The International Journal of Neuropsychopharmacology



Special Section

Disentangling chronological age from age of onset in children and adolescents with obsessive–compulsive disorder


Daniel A.  Geller  a1 a2 a3 c1, Joseph  Biederman  a2 a3 a4, Stephen V.  Faraone  a3, Christine A.  Bellordre  a2, Grace S.  Kim  a2, Lisa  Hagermoser  a2, Kathleen  Cradock  a2, Jean  Frazier  a2 a3 and Barbara J.  Coffey  a2 a3
a1 Obsessive Compulsive Disorder Clinic, McLean Hospital, Belmont, MA, USA
a2 Pediatric Psychopharmacology Clinic, McLean Hospital, Belmont, MA, USA
a3 Harvard Medical School, Boston, MA, USA
a4 Massachusetts General Hospital, Fruit Street, Boston, MA, USA

Abstract

Although paediatric obsessive–compulsive disorder (OCD) is increasingly recognized as a putative developmental subtype of the disorder, it remains uncertain as to whether additional subtyping by age at onset in childhood or adolescence is warranted.
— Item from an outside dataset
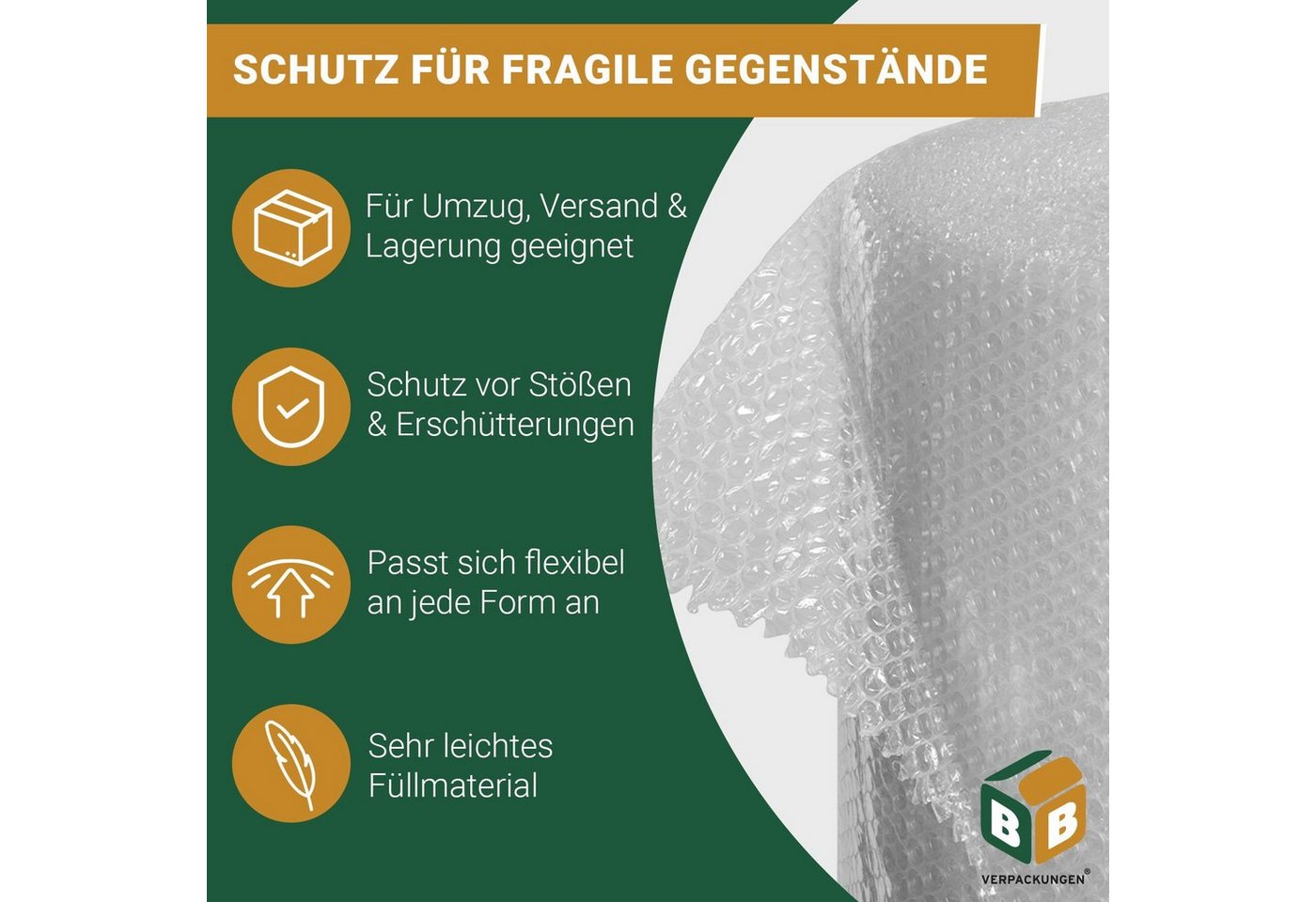 BB-Verpackungen Schutzfolie Luftpolsterfolie Antistatisch, (1-St), 3-lagig, 0,5 x 50 m, 75my von BB-Verpackungen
Subjects included children and adolescents meeting DSM-III-R and DSM-IV criteria for OCD referred to a specialized OCD clinic. All youth were systematically evaluated with structured diagnostic interviews and clinical assessment by an OCD expert. Irrespective of current age, an earlier age at onset predicted increased risk for attention deficit hyperactivity disorder, simple phobia, agoraphobia and multiple anxiety disorders. In contrast, mood and psychotic disorders were associated with chronological age and were more prevalent in older subjects. Tourette's disorder showed associations with both chronological age and age at onset. Chronological age and age at onset predicted different patterns of comorbidity and dysfunction in children and adolescents with OCD. Considering the heterogeneity of OCD, age at onset may help identify meaningful developmental subtypes of the disorder beyond chronological age.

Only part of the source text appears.